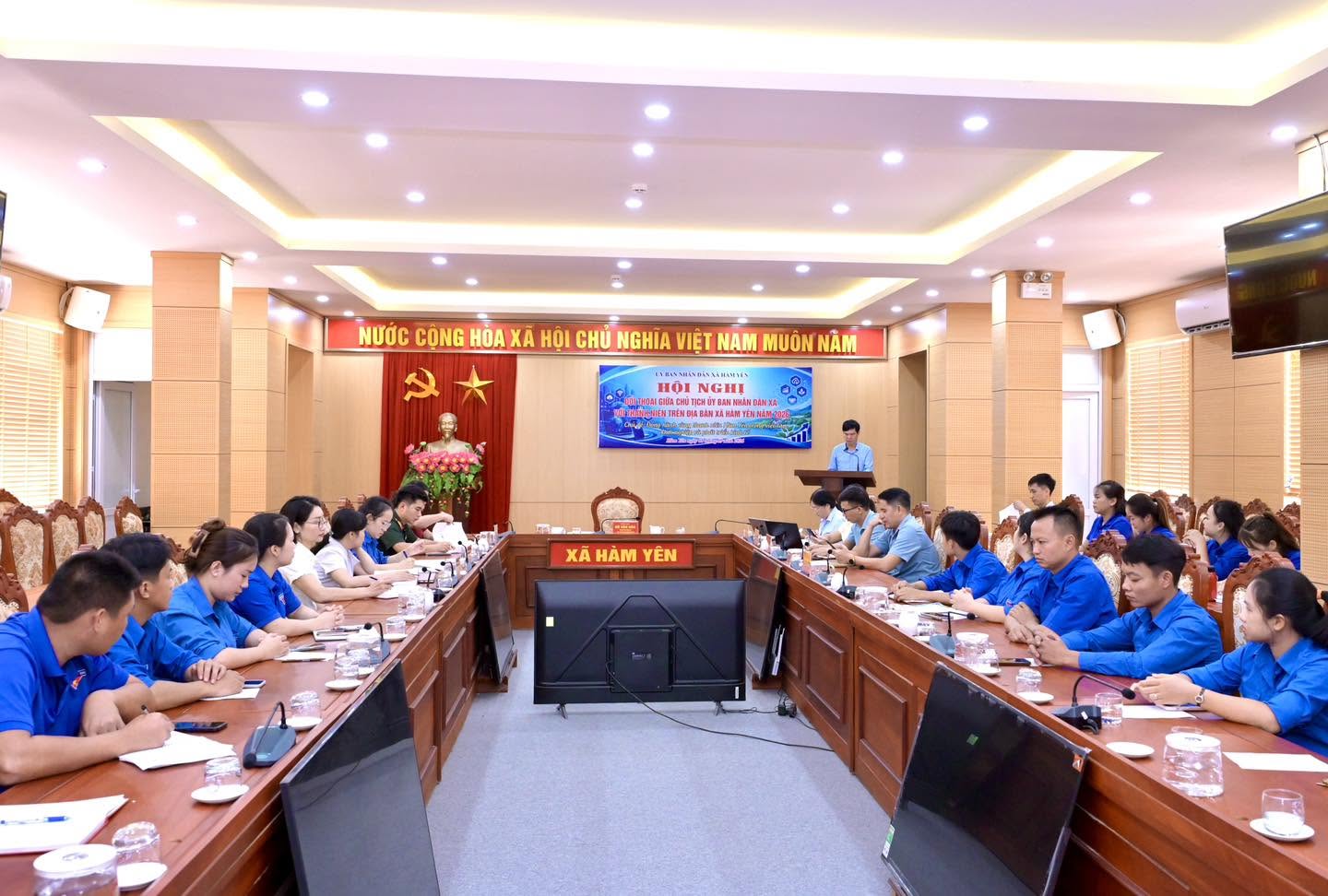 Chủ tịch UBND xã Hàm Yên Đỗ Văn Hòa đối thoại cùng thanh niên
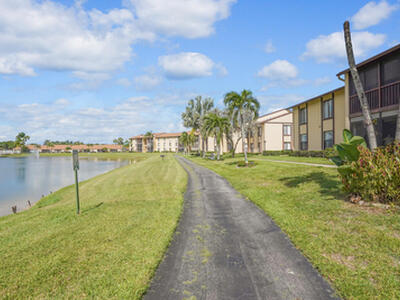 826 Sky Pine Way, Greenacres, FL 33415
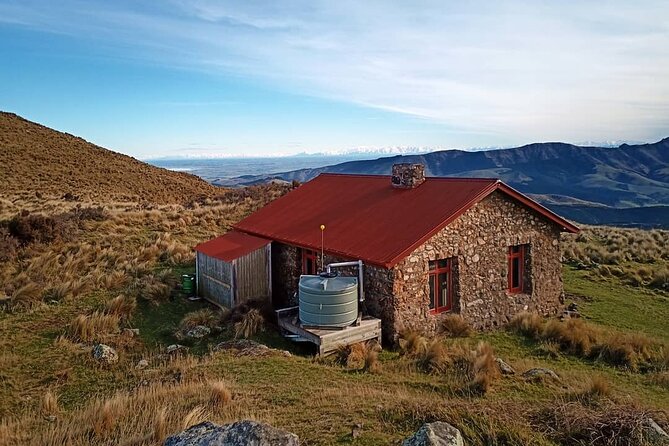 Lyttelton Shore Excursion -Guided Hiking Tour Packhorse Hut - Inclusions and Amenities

--- --- ---

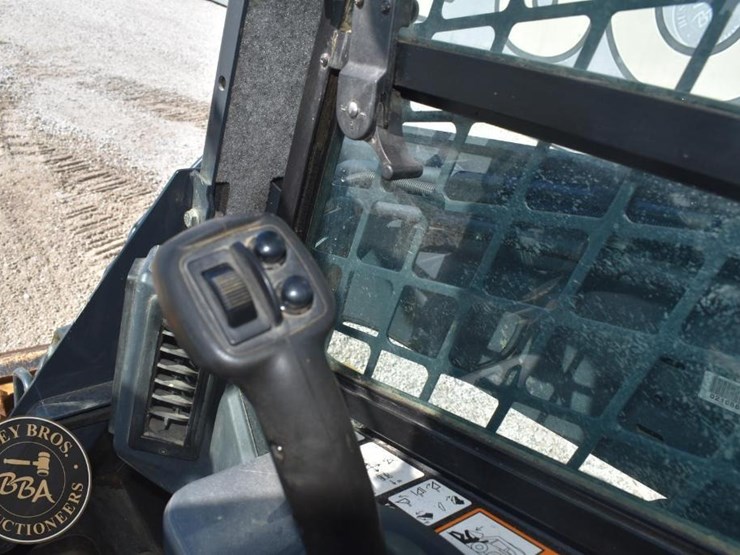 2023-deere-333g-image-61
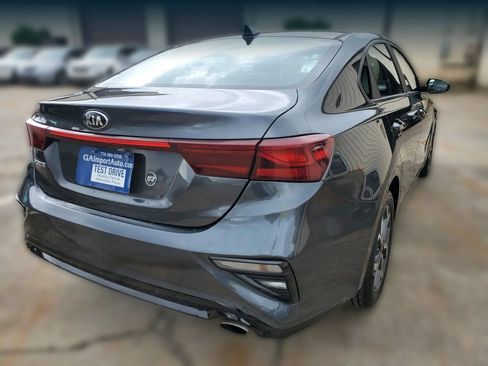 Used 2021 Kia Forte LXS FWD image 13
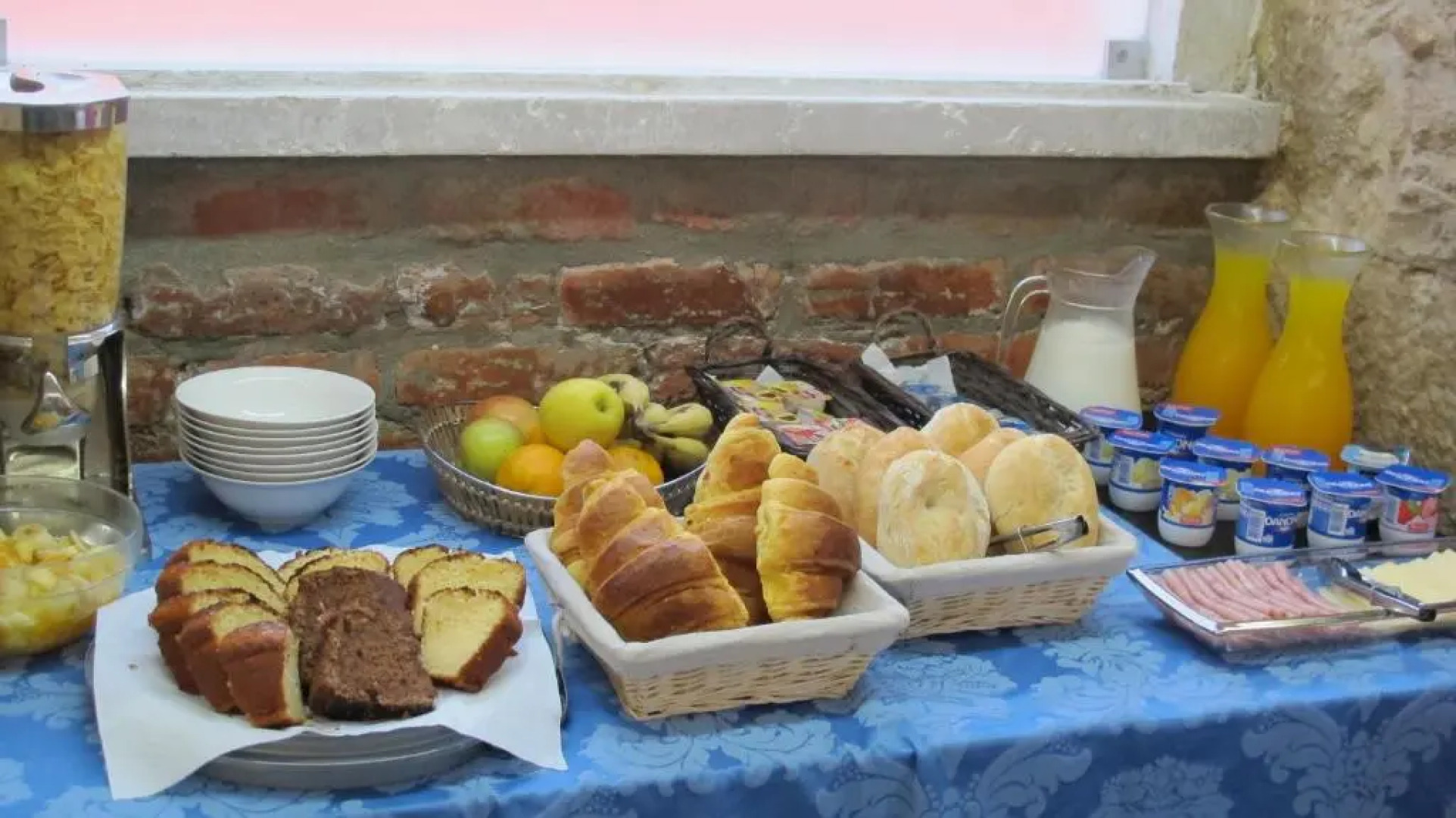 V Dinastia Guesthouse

--- --- ---

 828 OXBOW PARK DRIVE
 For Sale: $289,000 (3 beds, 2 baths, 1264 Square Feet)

--- --- ---

-- Problem to solve --
Each line above from the one containing "Chủ tịch UBND" through the one containing "Lyttelton Shore Excursion" is to be returned verbatim. Nothing else, and no pictures.

-- Output for this exercise --
 Chủ tịch UBND xã Hàm Yên Đỗ Văn Hòa đối thoại cùng thanh niên
 826 Sky Pine Way, Greenacres, FL 33415
 Lyttelton Shore Excursion -Guided Hiking Tour Packhorse Hut - Inclusions and Amenities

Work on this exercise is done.